Some of the challenges here are very daunting. For example, actions taken in one region immediately affect the world’s climate systems, so international planning and programs are needed.

However, past experience shows that international agreements take a long time to put together. As decisions are made, there are considerable lags before there is a favourable impact on the weather. We can still expect sea levels to rise for several hundred years despite adopting aggressive measures today in reducing energy exhausts globally.

Role of insurers

Insurers are not experts on energy use or emission controls. The insurance industry does not plan to also show leadership in the debate about long-term strategies to control international greenhouse gas emissions. These are important discussions and insurers are pleased to observe the increased importance that has been given to this work.

The contribution of the insurance industry to the broader effort is to focus attention increasingly on extreme events.

We need more research into the science of severe weather, and more work to develop ideas for adapting to our increasing vulnerable world. The insurance community is also pressing that these be treated as immediate needs, as severe weather is happening right now, and we must learn to better manage this risk before it causes even greater loss of life and property damage.

In Canada, the Insurance Bureau of Canada (IBC) is leading the lobby to establish a national mitigation strategy. There will be public hearings across the country this year to debate our proposal. We believe that governments should invest $60 million to $100 million a year in projects that will protect Canadian homes and businesses from our increasingly dangerous weather.
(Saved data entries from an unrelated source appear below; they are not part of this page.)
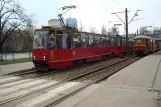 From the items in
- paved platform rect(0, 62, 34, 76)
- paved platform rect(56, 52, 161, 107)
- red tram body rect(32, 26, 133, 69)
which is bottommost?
paved platform rect(0, 62, 34, 76)

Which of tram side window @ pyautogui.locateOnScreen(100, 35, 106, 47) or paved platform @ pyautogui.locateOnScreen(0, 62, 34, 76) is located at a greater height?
tram side window @ pyautogui.locateOnScreen(100, 35, 106, 47)

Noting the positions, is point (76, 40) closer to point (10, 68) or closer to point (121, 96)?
point (10, 68)

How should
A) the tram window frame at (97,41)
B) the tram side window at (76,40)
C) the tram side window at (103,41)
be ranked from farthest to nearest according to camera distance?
the tram side window at (103,41) < the tram window frame at (97,41) < the tram side window at (76,40)

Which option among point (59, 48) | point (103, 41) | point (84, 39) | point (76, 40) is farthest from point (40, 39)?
point (103, 41)

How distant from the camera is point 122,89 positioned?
1018 cm

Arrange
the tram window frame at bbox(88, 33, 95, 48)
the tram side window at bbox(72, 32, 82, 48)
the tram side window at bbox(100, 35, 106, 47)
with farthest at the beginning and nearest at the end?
the tram side window at bbox(100, 35, 106, 47), the tram window frame at bbox(88, 33, 95, 48), the tram side window at bbox(72, 32, 82, 48)

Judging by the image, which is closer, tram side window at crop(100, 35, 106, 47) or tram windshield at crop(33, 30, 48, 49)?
tram windshield at crop(33, 30, 48, 49)

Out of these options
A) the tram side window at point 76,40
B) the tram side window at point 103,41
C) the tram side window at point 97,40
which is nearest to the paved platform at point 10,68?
the tram side window at point 76,40

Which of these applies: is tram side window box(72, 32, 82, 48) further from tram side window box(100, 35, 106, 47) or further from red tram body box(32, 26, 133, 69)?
tram side window box(100, 35, 106, 47)

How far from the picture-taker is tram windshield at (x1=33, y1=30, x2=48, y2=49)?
17125 mm

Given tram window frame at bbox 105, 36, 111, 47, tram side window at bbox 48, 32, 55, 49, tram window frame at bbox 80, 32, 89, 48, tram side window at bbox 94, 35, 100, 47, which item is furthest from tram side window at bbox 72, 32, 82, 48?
tram window frame at bbox 105, 36, 111, 47

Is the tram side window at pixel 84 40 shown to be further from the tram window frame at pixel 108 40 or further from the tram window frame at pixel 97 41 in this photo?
the tram window frame at pixel 108 40

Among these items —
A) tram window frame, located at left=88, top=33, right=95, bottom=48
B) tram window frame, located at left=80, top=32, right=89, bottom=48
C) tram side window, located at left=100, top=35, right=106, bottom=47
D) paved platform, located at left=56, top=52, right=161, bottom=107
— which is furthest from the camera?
tram side window, located at left=100, top=35, right=106, bottom=47

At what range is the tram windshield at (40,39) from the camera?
56.2 ft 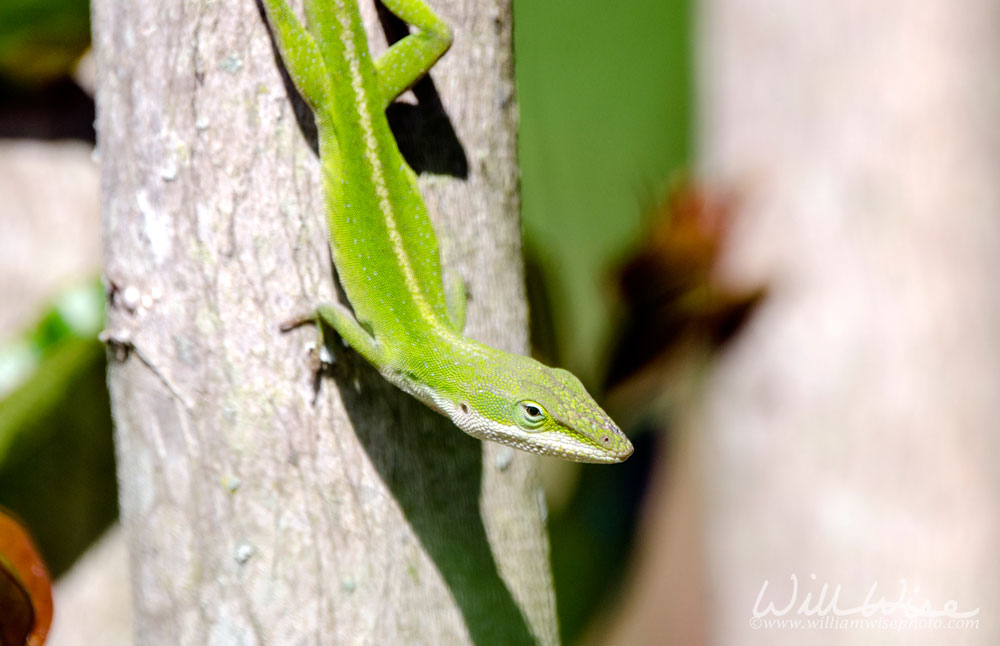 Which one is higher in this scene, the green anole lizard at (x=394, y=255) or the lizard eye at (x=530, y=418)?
the green anole lizard at (x=394, y=255)

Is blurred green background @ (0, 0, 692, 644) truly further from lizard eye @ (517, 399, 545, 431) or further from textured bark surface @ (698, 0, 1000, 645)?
lizard eye @ (517, 399, 545, 431)

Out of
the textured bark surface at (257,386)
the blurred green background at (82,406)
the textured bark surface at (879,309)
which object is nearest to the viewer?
the textured bark surface at (257,386)

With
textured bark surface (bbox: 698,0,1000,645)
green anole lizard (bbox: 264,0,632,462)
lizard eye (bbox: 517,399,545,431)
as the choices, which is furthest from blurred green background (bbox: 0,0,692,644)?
lizard eye (bbox: 517,399,545,431)

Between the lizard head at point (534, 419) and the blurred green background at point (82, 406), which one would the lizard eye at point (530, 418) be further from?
the blurred green background at point (82, 406)

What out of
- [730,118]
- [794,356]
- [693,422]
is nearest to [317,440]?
[794,356]

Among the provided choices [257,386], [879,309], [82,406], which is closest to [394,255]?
[257,386]

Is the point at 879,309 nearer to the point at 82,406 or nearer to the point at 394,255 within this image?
the point at 394,255

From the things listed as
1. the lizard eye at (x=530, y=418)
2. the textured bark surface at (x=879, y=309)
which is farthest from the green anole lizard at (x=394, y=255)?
the textured bark surface at (x=879, y=309)

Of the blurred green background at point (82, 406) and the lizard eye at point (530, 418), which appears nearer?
the lizard eye at point (530, 418)

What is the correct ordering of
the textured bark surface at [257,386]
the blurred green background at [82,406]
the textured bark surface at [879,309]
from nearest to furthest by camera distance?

The Winnipeg floodway and the Alberta weather modification program are two examples of the kinds of investments that should be put in place across the country. Modest investments in protection will reduce the annual $500 million cost to governments of disaster recovery. Catastrophic loss payments by insurers are also high and rising, and would directly benefit from a mitigation strategy.

Canada’s insurers have also established the Institute for Catastrophic Loss Reduction (ICLR). This is a forum for insurers to work more actively with the research community and others to better understand severe weather and options for managing this risk. There is an active program of workshops and conferences that the Institute has developed to help insurers to become more
informed about extreme events.

The first report of the IPCC was published in 1990. It was updated in 1995 with more detailed information about climate change in specific countries. Currently we are writing the third report that will be completed next year. This work of the scientific community to explain the factors that are changing our climate is increasingly taking a form that can be directly applied by insurers and governments. The volume of research on extreme weather events is increasing, although this will likely be most evident in the 2005 IPCC report because much of this information is very new and still emerging.

The Canadian insurance community is growing increasingly aware of the importance of this work to understanding the factors changing our climate. Participation in the work of the ICLR is one means to stay informed about the emerging research and how it can be applied to the risks managed by Canada’s insurers.